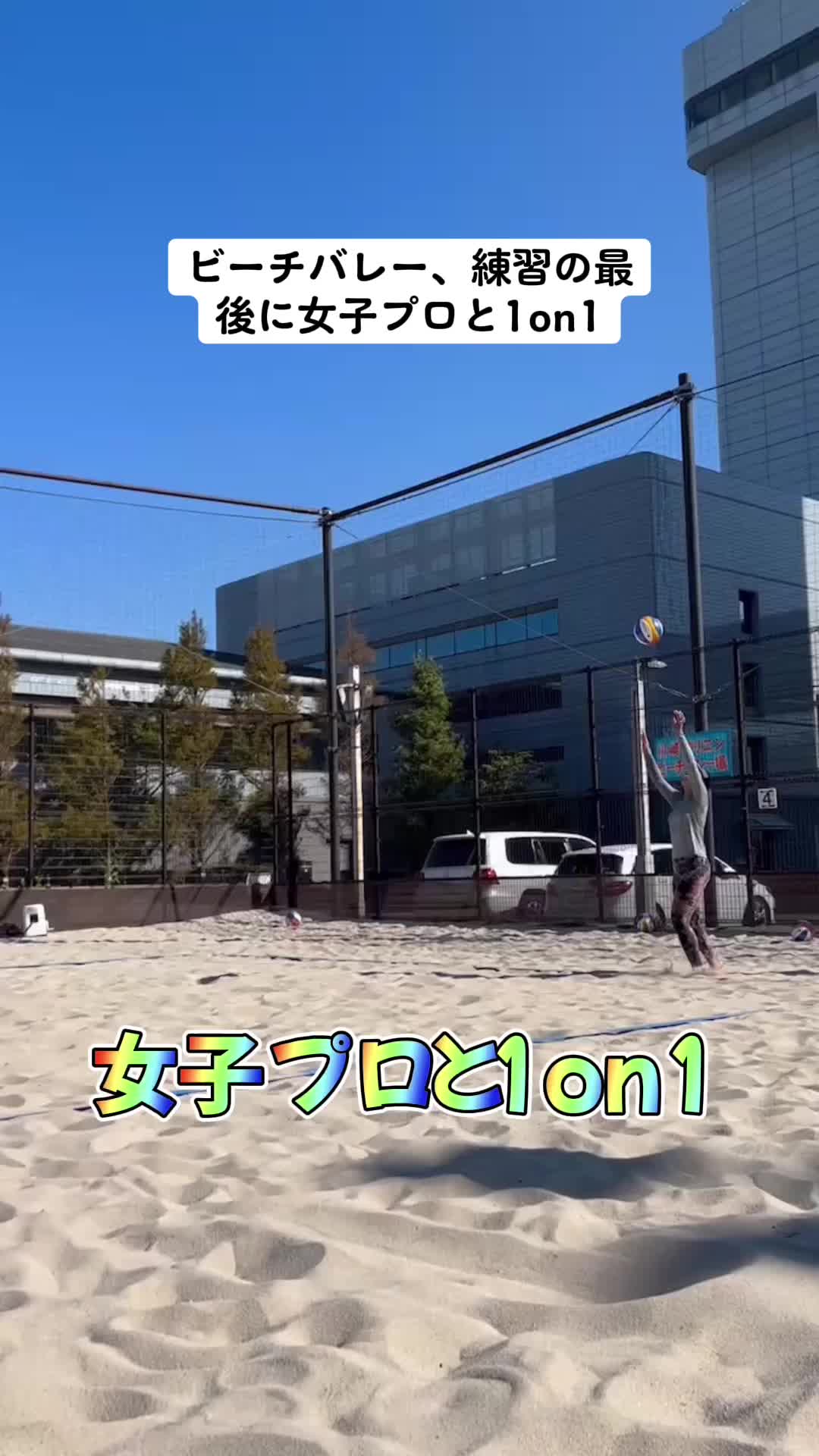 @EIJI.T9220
··········
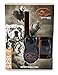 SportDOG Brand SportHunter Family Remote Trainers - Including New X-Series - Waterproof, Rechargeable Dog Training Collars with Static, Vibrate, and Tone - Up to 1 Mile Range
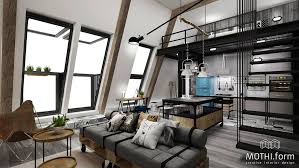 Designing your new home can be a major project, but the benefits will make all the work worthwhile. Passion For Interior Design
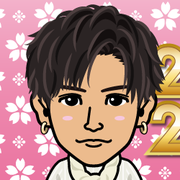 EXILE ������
··········
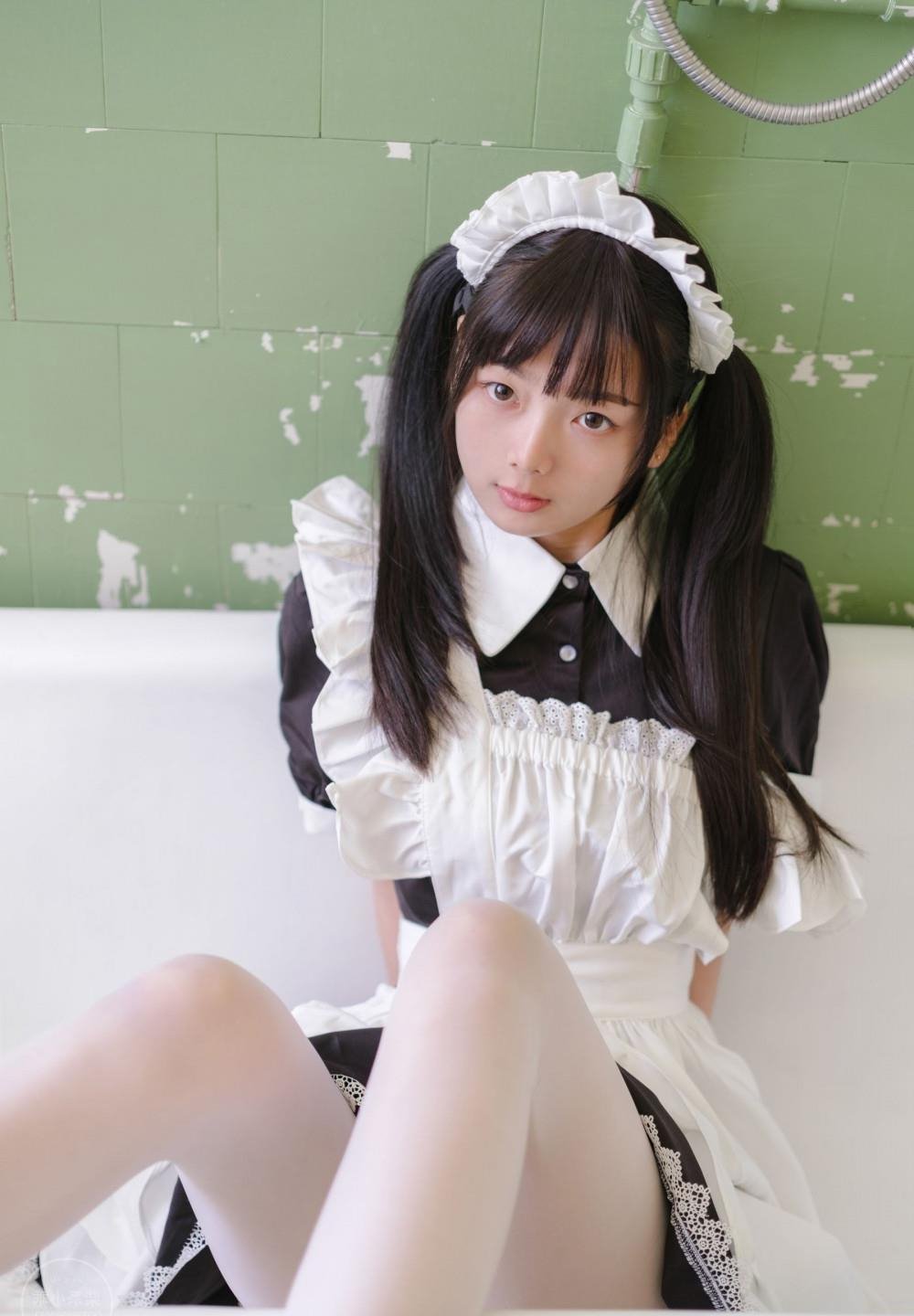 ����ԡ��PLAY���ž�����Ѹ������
··········
● TASK ITEM
Start with the line with "Designing your new" in the listing above and stop after the line with "EXILE ������". Write out exactly the lines in that stretch and no others, without pictures.

● WRITTEN SOLUTION
 Designing your new home can be a major project, but the benefits will make all the work worthwhile. Passion For Interior Design
 EXILE ������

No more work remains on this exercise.